Pipes
What is a Pipe?
A Pipe is a self-contained data processing unit. Pipes are developed using the Pipes language, a custom DSL developed by Panoptix.
Pipes are associated with Targets - they can be run on a server, on distributed servers often referred to as collectors, or even in the cloud, practically anywhere. Currently they are either to run as Linux systemd or Docker services. This flexibility allows a distributed processing strategy, where functionality can be moved to the edge, or moved back to the centre without re-writing definitions.
A Pipe is divided into three discrete steps, namely Inputs, Actions and Outputs. Input data comes from inputs, goes through processing actions and finally gets written to an output.
The essential parts of a Pipe definition are:
- name
- input
- actions (an array of actions)
- output
Or as expressed in the pipes
language:
name: uptime
input:
exec:
command: uptime
interval: 10s
actions:
- extract:
input-field: _raw
remove: true
pattern: 'load average: (\S+), (\S+), (\S+)'
output-fields: [m1, m5, m15]
output:
write: console
In this example, input data comes from executing the Unix uptime
command every 10 seconds; the load averages (1min, 5min, 15min) are extracted using regular expressions from the input line using the extract
action. We then write the results out to the console.
So from a typical input '09:07:36 up 16 min, 1 user, load average: 0.08, 0.23, 0.31'
we get a JSON record that looks like {"m1":"0.08","m5":"0.23","m15":"0.31"}
.
Time series events normally have an associated time, and must be in an appropriate form to be processed and queried by data analytics systems. If our actions
steps were:
- extract:
input-field: _raw
remove: true
pattern: 'load average: (\S+), (\S+), (\S+)'
output-fields: [m1, m5, m15]
- convert:
- m1: num
- m5: num
- m15: num
- time:
output-field: '@timestamp'
Then the result looks like this:
{"m1":0.08,"m5":0.23,"m15":0.31,"@timestamp":"2018-08-21T09:30:36.000Z"}
These records can then be indexed by Elasticsearch, and queried with a tools such as Kibana or Grafana.
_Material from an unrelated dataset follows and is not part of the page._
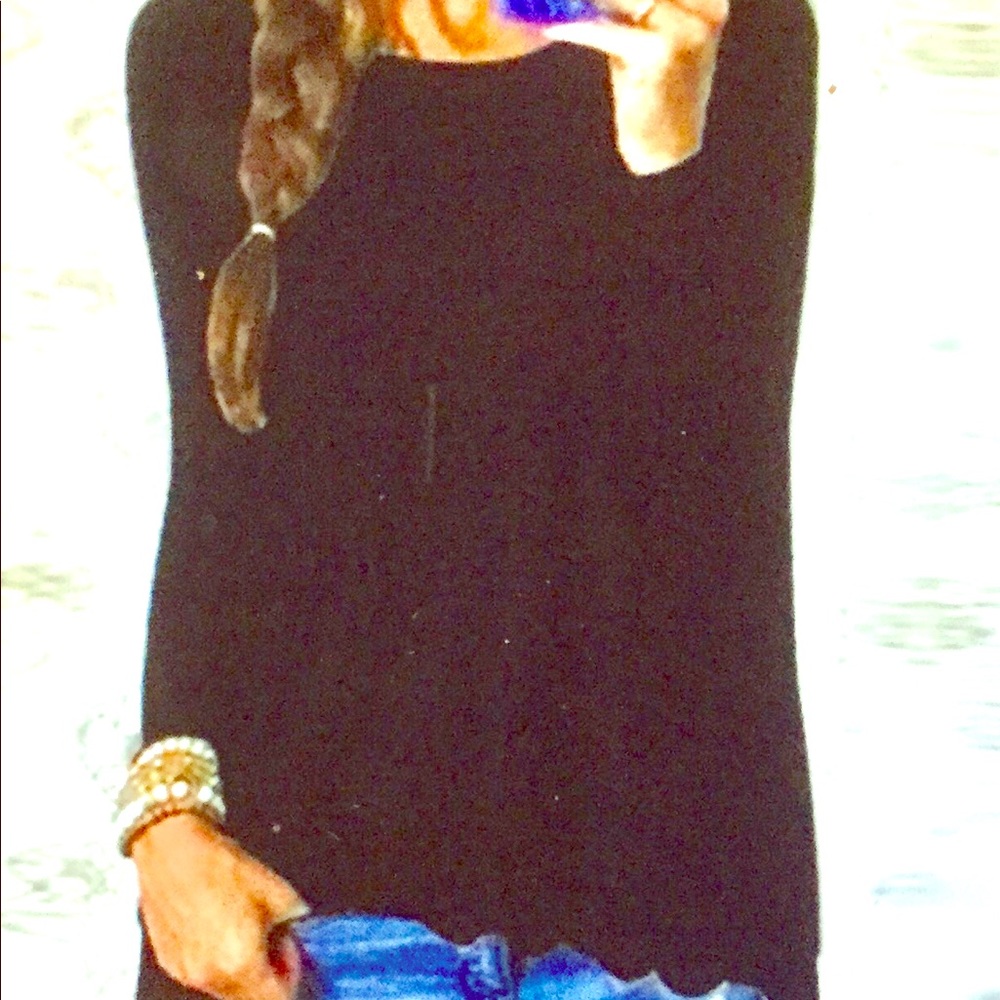 Knit top with lace bottom black New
So a pipe is "input -> action1 -> action2 -> ... -> output". Note that actions are optional... the only required top-level fields are name, input, and output.
Most action steps work with JSON data. Although real-world data usually arrives as raw
text, the exec
input will by default 'quote' it as JSON, like {"_raw":"output line"}
.
The various extraction steps work on this raw data and generate sensible event fields.
Here are the available inputs and outputs, with the possible processing steps documented here.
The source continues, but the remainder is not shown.